Problem requirements → Within the entries below, find the portion that opens with the line containing "Herbal Magic's Organic" and closes with the line containing "Christian Dior Canvas". Retype that portion exactly and only.

Study material →
- - - -
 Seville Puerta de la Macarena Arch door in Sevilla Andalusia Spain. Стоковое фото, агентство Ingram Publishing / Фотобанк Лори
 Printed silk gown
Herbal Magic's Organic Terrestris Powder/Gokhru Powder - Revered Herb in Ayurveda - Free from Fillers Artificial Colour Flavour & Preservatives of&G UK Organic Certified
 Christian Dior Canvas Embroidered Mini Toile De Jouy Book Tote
- - - -
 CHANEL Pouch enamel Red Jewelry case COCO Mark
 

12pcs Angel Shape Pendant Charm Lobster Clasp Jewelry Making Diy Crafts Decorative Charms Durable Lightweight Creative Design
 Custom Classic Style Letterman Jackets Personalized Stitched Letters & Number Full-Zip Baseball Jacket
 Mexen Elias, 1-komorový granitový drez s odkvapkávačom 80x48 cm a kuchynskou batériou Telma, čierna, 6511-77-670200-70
- - - -
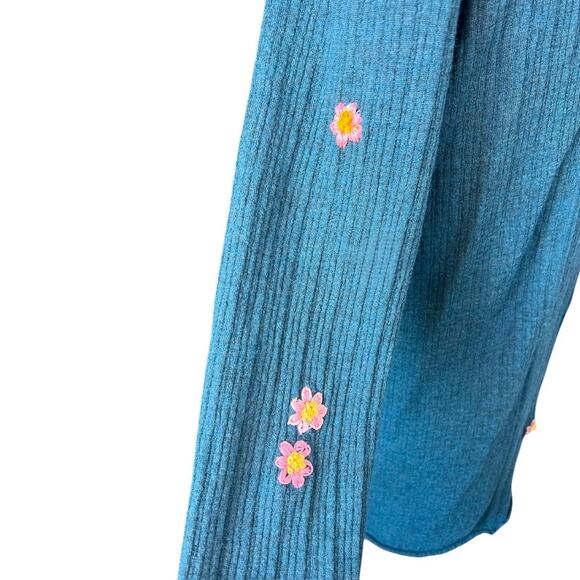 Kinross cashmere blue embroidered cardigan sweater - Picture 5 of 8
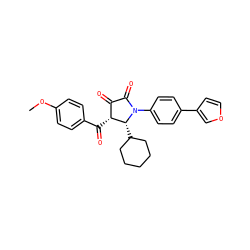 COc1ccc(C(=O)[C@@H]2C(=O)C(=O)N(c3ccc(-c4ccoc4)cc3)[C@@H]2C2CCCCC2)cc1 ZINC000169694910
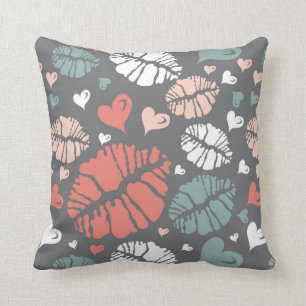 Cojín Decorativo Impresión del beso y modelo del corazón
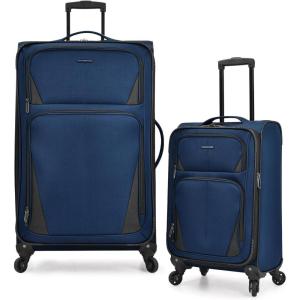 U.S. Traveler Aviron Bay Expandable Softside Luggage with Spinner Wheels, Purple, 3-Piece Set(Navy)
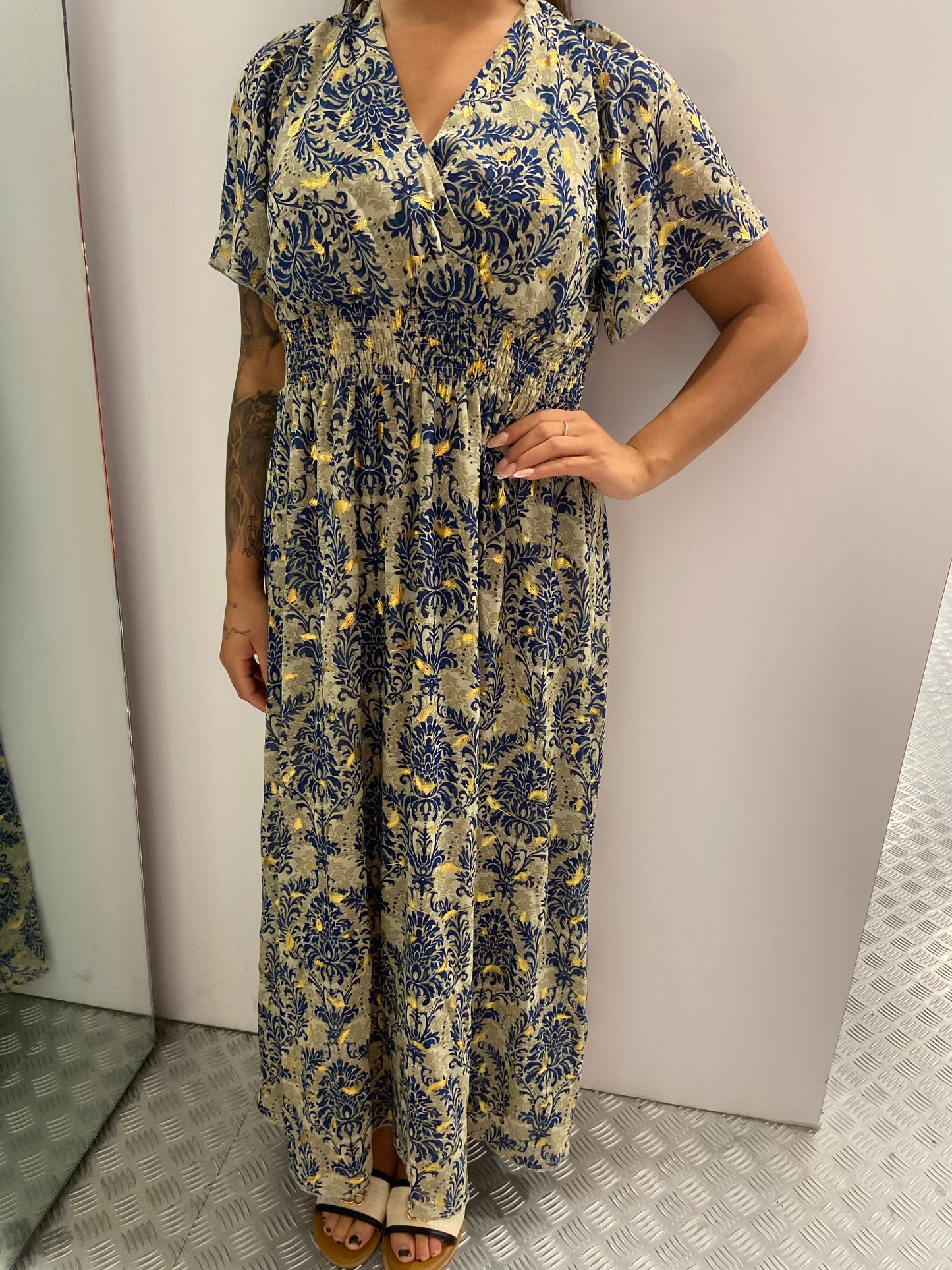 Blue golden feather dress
- - - -
Written answer →
Herbal Magic's Organic Terrestris Powder/Gokhru Powder - Revered Herb in Ayurveda - Free from Fillers Artificial Colour Flavour & Preservatives of&G UK Organic Certified
 Christian Dior Canvas Embroidered Mini Toile De Jouy Book Tote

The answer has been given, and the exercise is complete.